- [What you will do]:
Provide the data again in its entirety, exactly as given.

- [Data for this exercise]:
● ● ●

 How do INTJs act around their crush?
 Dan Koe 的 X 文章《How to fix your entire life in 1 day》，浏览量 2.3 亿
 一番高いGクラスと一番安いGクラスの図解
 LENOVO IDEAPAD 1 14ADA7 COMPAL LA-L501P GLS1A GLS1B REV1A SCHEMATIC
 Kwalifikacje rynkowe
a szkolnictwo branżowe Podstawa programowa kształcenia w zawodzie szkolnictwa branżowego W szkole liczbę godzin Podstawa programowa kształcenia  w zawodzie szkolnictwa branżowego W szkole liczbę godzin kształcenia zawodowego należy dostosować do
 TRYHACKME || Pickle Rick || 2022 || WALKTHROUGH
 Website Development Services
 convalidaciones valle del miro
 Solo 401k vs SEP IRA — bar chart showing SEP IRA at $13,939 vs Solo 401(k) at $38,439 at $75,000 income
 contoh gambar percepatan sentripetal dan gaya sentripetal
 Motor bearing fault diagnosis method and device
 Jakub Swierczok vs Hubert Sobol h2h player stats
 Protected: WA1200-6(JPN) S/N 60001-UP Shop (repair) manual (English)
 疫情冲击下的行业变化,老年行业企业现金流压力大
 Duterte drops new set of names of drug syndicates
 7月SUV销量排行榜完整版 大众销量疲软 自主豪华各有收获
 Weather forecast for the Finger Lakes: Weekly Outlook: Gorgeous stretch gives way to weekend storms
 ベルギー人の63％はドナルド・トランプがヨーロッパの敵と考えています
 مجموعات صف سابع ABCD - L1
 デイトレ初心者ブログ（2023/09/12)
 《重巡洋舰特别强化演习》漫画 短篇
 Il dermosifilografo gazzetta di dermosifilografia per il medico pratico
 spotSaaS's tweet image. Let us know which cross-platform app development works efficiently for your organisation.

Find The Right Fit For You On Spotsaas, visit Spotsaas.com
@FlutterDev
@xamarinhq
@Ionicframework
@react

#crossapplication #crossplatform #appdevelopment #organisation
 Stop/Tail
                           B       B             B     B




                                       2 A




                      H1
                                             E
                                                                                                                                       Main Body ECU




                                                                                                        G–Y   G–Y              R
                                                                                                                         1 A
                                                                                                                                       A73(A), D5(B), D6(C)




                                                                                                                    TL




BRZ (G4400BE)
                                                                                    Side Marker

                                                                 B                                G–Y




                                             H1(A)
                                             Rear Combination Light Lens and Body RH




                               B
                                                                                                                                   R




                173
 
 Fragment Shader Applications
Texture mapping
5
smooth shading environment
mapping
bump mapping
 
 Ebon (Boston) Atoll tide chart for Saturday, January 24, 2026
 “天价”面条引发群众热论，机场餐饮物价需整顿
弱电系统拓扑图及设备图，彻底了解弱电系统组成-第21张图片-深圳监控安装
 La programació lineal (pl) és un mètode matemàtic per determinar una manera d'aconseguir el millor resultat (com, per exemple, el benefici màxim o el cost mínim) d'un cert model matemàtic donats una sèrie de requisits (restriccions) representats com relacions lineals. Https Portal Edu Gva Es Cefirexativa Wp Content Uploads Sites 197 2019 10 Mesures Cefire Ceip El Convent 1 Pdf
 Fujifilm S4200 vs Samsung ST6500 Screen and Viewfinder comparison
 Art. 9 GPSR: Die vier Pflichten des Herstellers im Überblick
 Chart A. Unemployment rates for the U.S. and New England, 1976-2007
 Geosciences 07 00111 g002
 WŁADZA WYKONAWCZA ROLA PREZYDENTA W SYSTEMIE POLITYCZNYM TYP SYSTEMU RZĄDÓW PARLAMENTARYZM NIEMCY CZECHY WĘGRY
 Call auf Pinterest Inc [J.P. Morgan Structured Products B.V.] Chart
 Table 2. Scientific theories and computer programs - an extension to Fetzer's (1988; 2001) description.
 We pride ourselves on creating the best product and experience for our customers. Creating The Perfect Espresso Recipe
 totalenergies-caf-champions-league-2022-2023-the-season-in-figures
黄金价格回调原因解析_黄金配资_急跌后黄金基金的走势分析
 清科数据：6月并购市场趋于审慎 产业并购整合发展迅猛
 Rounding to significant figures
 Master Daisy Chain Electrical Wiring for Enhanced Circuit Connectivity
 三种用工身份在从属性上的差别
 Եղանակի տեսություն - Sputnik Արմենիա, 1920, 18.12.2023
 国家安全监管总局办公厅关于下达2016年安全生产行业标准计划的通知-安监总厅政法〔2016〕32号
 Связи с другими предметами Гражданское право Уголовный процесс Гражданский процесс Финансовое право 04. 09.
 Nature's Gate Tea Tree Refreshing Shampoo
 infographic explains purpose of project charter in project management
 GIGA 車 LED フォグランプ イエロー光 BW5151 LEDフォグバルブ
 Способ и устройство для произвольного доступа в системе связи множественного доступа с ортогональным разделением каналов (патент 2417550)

● ● ●

- [Reply]:
 How do INTJs act around their crush?
 Dan Koe 的 X 文章《How to fix your entire life in 1 day》，浏览量 2.3 亿
 一番高いGクラスと一番安いGクラスの図解
 LENOVO IDEAPAD 1 14ADA7 COMPAL LA-L501P GLS1A GLS1B REV1A SCHEMATIC
 Kwalifikacje rynkowe
a szkolnictwo branżowe Podstawa programowa kształcenia w zawodzie szkolnictwa branżowego W szkole liczbę godzin Podstawa programowa kształcenia  w zawodzie szkolnictwa branżowego W szkole liczbę godzin kształcenia zawodowego należy dostosować do
 TRYHACKME || Pickle Rick || 2022 || WALKTHROUGH
 Website Development Services
 convalidaciones valle del miro
 Solo 401k vs SEP IRA — bar chart showing SEP IRA at $13,939 vs Solo 401(k) at $38,439 at $75,000 income
 contoh gambar percepatan sentripetal dan gaya sentripetal
 Motor bearing fault diagnosis method and device
 Jakub Swierczok vs Hubert Sobol h2h player stats
 Protected: WA1200-6(JPN) S/N 60001-UP Shop (repair) manual (English)
 疫情冲击下的行业变化,老年行业企业现金流压力大
 Duterte drops new set of names of drug syndicates
 7月SUV销量排行榜完整版 大众销量疲软 自主豪华各有收获
 Weather forecast for the Finger Lakes: Weekly Outlook: Gorgeous stretch gives way to weekend storms
 ベルギー人の63％はドナルド・トランプがヨーロッパの敵と考えています
 مجموعات صف سابع ABCD - L1
 デイトレ初心者ブログ（2023/09/12)
 《重巡洋舰特别强化演习》漫画 短篇
 Il dermosifilografo gazzetta di dermosifilografia per il medico pratico
 spotSaaS's tweet image. Let us know which cross-platform app development works efficiently for your organisation.

Find The Right Fit For You On Spotsaas, visit Spotsaas.com
@FlutterDev
@xamarinhq
@Ionicframework
@react

#crossapplication #crossplatform #appdevelopment #organisation
 Stop/Tail
                           B       B             B     B




                                       2 A




                      H1
                                             E
                                                                                                                                       Main Body ECU




                                                                                                        G–Y   G–Y              R
                                                                                                                         1 A
                                                                                                                                       A73(A), D5(B), D6(C)




                                                                                                                    TL




BRZ (G4400BE)
                                                                                    Side Marker

                                                                 B                                G–Y




                                             H1(A)
                                             Rear Combination Light Lens and Body RH




                               B
                                                                                                                                   R




                173
 
 Fragment Shader Applications
Texture mapping
5
smooth shading environment
mapping
bump mapping
 
 Ebon (Boston) Atoll tide chart for Saturday, January 24, 2026
 “天价”面条引发群众热论，机场餐饮物价需整顿
弱电系统拓扑图及设备图，彻底了解弱电系统组成-第21张图片-深圳监控安装
 La programació lineal (pl) és un mètode matemàtic per determinar una manera d'aconseguir el millor resultat (com, per exemple, el benefici màxim o el cost mínim) d'un cert model matemàtic donats una sèrie de requisits (restriccions) representats com relacions lineals. Https Portal Edu Gva Es Cefirexativa Wp Content Uploads Sites 197 2019 10 Mesures Cefire Ceip El Convent 1 Pdf
 Fujifilm S4200 vs Samsung ST6500 Screen and Viewfinder comparison
 Art. 9 GPSR: Die vier Pflichten des Herstellers im Überblick
 Chart A. Unemployment rates for the U.S. and New England, 1976-2007
 Geosciences 07 00111 g002
 WŁADZA WYKONAWCZA ROLA PREZYDENTA W SYSTEMIE POLITYCZNYM TYP SYSTEMU RZĄDÓW PARLAMENTARYZM NIEMCY CZECHY WĘGRY
 Call auf Pinterest Inc [J.P. Morgan Structured Products B.V.] Chart
 Table 2. Scientific theories and computer programs - an extension to Fetzer's (1988; 2001) description.
 We pride ourselves on creating the best product and experience for our customers. Creating The Perfect Espresso Recipe
 totalenergies-caf-champions-league-2022-2023-the-season-in-figures
黄金价格回调原因解析_黄金配资_急跌后黄金基金的走势分析
 清科数据：6月并购市场趋于审慎 产业并购整合发展迅猛
 Rounding to significant figures
 Master Daisy Chain Electrical Wiring for Enhanced Circuit Connectivity
 三种用工身份在从属性上的差别
 Եղանակի տեսություն - Sputnik Արմենիա, 1920, 18.12.2023
 国家安全监管总局办公厅关于下达2016年安全生产行业标准计划的通知-安监总厅政法〔2016〕32号
 Связи с другими предметами Гражданское право Уголовный процесс Гражданский процесс Финансовое право 04. 09.
 Nature's Gate Tea Tree Refreshing Shampoo
 infographic explains purpose of project charter in project management
 GIGA 車 LED フォグランプ イエロー光 BW5151 LEDフォグバルブ
 Способ и устройство для произвольного доступа в системе связи множественного доступа с ортогональным разделением каналов (патент 2417550)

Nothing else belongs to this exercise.